Monday, September 28, 2015

Shootyhoops Basketmakers: the Era of the Celtics

The Era of the Celtics or: Terrifying Basketball Robots Take Over
In the mid-50s, a man named Red Auerbach came to power.  Red was a simple man.  He had grown up the son of a dry cleaner and so had undergone the usual bullying that accompanies one’s father being a piece of laundry equipment.  However, that very connection to the mechanical shaped Red into the basketball mastermind he would one day become.  After adopting the last name “Auerbach” after sneezing loudly while in line at the DMV, Red joined the Navy and began coaching the academy’s basketball team.  Red loved the military efficiency that his team played with but couldn’t help but noticing how all those intricacies of being human got in the way.  Players would miss games for family emergencies or because they had been run over by a train.  Sometimes the point guard would relay the wrong play or make a poor decision.  To err is to be human, and Red Auerbach would have none of that.
Pictured: Red Auerbach
For you see, Red wanted one thing: to win.  He had the heart of a champion.  And with that heart, which he had torn from the chest of Joe Louis in 1938 and kept on display on his mantle, Red knew he had what it took to dominate the NBA.  For you see, the NBA had the same problems that Red was having with his Navy teams: everyone playing the game was entirely too human.  Red drew on his childhood roots to fix this problem.  In 1946, when Red was hired to coach the Washington Capitols of the BAA, he began work on his robot army.

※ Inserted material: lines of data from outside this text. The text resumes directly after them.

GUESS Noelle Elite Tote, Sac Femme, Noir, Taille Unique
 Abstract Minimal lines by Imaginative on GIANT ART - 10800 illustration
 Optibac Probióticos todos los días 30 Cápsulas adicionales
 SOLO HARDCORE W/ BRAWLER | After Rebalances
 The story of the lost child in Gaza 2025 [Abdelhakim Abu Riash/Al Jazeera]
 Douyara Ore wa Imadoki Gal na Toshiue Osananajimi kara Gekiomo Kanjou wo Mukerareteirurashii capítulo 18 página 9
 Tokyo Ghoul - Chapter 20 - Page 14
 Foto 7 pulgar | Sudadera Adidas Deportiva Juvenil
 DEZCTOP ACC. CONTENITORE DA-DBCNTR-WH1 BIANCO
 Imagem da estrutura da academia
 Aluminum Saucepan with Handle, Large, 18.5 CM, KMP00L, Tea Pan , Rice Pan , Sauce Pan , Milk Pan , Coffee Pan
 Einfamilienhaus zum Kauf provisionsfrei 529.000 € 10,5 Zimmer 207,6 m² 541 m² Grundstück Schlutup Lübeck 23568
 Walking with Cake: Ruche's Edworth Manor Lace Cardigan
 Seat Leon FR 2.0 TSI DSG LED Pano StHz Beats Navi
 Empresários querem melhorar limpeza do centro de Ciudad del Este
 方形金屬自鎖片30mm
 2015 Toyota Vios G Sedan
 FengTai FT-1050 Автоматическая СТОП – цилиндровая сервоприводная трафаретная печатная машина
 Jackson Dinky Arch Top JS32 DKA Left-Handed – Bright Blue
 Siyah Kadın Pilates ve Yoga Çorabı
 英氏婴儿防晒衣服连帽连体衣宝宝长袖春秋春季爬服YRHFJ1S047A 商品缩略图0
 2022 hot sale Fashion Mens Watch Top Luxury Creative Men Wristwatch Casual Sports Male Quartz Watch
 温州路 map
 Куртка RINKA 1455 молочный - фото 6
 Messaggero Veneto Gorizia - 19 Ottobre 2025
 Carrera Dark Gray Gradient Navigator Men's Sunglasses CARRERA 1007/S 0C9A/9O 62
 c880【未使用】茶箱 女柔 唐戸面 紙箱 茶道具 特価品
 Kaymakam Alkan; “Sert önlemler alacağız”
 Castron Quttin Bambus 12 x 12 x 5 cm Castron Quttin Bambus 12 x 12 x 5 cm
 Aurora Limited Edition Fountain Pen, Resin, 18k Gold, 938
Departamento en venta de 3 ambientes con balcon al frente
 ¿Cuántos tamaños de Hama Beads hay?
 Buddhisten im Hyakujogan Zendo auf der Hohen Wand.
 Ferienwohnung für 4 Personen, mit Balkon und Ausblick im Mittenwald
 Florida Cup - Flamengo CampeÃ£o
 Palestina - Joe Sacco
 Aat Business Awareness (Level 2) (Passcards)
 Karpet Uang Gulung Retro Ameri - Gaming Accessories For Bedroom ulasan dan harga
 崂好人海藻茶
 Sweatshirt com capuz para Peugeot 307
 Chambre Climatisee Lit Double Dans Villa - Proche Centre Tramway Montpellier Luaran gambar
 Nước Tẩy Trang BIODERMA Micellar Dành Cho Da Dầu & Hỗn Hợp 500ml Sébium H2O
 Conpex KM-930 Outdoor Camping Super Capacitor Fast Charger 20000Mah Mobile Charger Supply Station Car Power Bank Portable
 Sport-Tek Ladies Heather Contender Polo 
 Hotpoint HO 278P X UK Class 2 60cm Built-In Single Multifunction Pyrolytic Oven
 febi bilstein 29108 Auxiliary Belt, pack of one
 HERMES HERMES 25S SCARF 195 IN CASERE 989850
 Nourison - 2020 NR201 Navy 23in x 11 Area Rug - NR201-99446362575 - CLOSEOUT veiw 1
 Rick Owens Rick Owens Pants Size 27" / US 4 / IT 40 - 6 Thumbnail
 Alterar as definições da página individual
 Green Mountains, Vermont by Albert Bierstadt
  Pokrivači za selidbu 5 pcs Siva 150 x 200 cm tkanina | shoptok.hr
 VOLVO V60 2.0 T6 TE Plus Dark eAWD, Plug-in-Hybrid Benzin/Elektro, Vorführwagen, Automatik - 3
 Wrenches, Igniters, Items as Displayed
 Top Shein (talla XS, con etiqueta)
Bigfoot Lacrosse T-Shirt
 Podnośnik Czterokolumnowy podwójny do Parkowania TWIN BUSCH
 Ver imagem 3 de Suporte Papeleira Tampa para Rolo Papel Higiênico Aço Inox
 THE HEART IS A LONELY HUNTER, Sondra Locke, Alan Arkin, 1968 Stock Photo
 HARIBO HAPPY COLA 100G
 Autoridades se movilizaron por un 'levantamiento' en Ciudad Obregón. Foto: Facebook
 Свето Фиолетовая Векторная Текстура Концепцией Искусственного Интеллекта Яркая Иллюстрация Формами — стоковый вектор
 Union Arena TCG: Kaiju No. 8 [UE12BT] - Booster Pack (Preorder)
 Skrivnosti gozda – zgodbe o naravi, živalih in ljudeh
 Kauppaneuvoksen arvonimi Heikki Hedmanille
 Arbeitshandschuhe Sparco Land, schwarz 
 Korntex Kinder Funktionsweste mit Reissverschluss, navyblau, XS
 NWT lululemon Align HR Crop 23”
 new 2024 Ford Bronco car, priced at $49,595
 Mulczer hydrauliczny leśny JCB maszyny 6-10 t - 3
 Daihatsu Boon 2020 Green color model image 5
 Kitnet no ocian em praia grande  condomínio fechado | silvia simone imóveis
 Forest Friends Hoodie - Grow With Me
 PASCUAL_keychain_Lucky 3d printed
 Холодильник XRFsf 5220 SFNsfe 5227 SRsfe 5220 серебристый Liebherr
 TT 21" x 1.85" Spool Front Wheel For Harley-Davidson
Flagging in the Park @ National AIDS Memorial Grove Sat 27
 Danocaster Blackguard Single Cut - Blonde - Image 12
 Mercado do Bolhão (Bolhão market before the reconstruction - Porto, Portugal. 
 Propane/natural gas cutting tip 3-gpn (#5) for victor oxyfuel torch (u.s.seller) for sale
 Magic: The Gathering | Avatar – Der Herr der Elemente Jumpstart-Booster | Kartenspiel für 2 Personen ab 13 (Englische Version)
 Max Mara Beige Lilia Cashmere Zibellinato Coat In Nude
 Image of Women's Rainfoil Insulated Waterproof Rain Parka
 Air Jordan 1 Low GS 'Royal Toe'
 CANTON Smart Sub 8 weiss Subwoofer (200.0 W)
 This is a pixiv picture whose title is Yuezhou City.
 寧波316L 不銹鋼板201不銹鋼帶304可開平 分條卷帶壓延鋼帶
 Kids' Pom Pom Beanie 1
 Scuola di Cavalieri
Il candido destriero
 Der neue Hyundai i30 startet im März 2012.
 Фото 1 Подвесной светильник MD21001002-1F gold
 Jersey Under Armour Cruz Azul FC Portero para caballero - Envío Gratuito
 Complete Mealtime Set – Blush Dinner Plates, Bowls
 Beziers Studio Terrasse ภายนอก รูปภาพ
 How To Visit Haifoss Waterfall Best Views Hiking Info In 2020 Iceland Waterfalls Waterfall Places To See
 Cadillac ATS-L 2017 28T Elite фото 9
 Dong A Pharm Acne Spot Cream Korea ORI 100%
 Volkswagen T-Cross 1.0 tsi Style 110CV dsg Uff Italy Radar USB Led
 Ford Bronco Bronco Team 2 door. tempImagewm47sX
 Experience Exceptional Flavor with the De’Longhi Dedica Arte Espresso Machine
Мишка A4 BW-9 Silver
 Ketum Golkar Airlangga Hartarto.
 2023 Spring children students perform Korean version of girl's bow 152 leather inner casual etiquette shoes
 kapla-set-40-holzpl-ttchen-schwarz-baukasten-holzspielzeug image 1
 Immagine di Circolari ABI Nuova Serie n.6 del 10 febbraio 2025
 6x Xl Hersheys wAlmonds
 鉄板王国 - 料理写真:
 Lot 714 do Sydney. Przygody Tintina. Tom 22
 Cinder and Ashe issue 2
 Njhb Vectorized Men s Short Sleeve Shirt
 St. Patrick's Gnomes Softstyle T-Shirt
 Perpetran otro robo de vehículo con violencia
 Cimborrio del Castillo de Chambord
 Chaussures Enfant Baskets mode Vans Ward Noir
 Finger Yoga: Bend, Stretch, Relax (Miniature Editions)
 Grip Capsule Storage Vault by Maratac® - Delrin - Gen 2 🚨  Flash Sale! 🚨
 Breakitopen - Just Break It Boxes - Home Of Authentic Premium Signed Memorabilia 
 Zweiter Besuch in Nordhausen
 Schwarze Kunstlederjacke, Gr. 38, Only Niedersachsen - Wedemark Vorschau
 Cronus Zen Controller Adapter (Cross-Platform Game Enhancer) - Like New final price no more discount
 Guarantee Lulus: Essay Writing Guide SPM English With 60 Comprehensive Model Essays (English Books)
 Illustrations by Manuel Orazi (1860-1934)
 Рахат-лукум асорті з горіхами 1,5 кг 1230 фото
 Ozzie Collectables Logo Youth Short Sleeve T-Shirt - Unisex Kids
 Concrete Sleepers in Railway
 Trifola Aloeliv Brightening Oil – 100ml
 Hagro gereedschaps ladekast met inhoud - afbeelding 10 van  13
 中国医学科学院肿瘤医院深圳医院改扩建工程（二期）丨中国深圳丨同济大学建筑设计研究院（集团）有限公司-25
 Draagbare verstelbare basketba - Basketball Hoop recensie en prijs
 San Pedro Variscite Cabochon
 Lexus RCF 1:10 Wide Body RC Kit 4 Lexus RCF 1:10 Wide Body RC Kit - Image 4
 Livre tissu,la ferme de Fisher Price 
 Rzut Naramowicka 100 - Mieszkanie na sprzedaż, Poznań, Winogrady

Having never built sentient robots before, Red’s first few attempts were absolute failures.  Several members of the 1947-48 Capitols begun to develop feelings and empathy, and so had to be put down like the disgusting robot dogs that they were.  Another robot was retired when it tore the head off an opposing player to see how humans worked.

Taking into account his many failures, Red set about creating a team that would actually function as he wanted.  He was working outside the established rules of robotics, in ever-present danger of creating Skynet.  He knew the dangers inherent in this work, but was too passionate about basketball to give up.  If anyone could do this, it was Red.  With the help of his half-washing machine upbringing, he had to be able to come up with a viable solution.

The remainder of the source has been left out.